After the war, Eli joined up with a motorcycle gang in Washington state and was arrested for allegedly killing another member with a shotgun, though the charges were later dropped.

Eli immigrated to Israel in 1974 where he converted to Judaism and settled in the Kiryat Arba settlement of Hebron in the West Bank. He joined the Israel Defense Forces, despite initially being rejected due to his injuries from Vietnam, and served in the 1978 Israel invasion of Lebanon as a sniper.

After the war, Eli became involved in several Religious Zionist settler organizations, such as Gush Emunim and the Jewish Defense League, though he believed them to not be extreme enough.

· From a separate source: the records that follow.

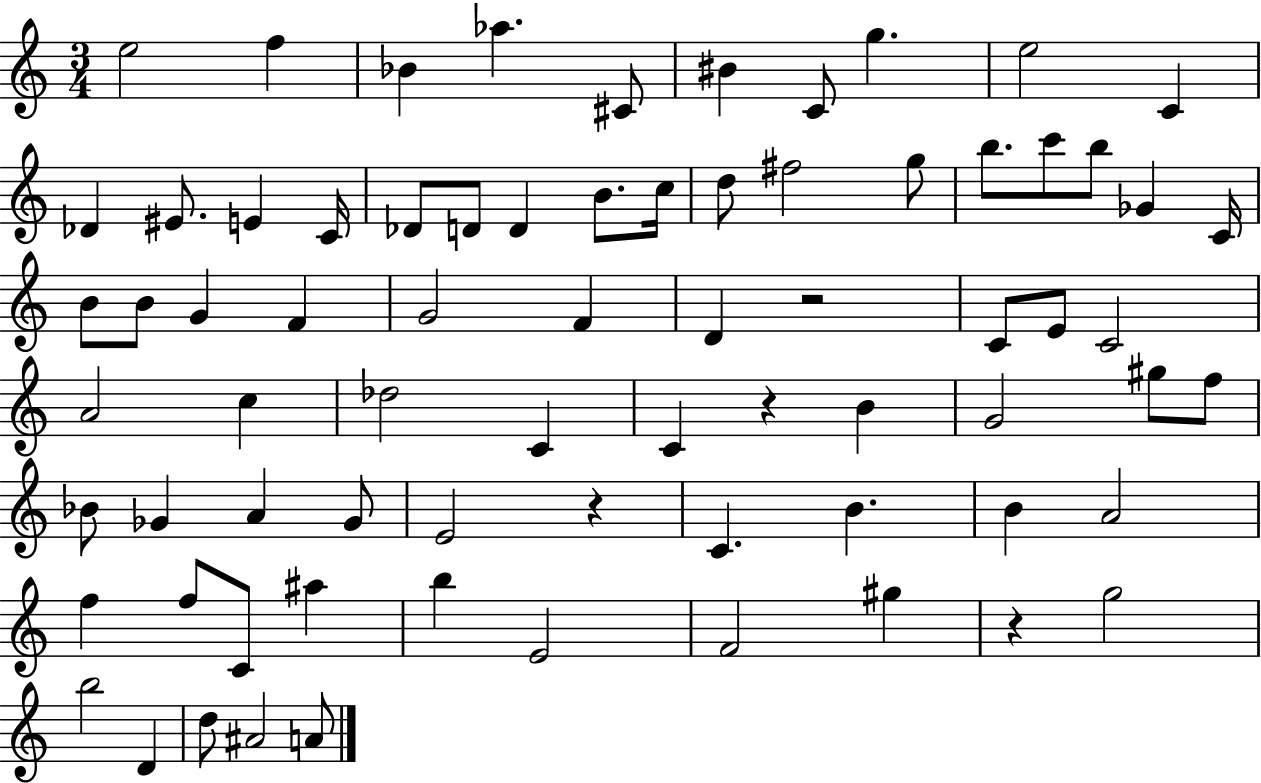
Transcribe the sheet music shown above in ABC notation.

X:1
T:Untitled
M:3/4
L:1/4
K:C
e2 f _B _a ^C/2 ^B C/2 g e2 C _D ^E/2 E C/4 _D/2 D/2 D B/2 c/4 d/2 ^f2 g/2 b/2 c'/2 b/2 _G C/4 B/2 B/2 G F G2 F D z2 C/2 E/2 C2 A2 c _d2 C C z B G2 ^g/2 f/2 _B/2 _G A _G/2 E2 z C B B A2 f f/2 C/2 ^a b E2 F2 ^g z g2 b2 D d/2 ^A2 A/2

In 1979, a group of Jewish vigilantes, including HaZe'ev, raided several Arab homes in Hebron, ending in their arrest by Israeli authorities. Haze'ev was jailed for eight months.

In 1980, HaZe'ev was one of the victims of the 1980 Hebron attack, who murdered several Jews leaving the Tomb of the Patriarchs and heading to the Hadassah clinic. During the attack, he attempted to unsling his M16 and attacked one of the gunmen, but died from his injuries.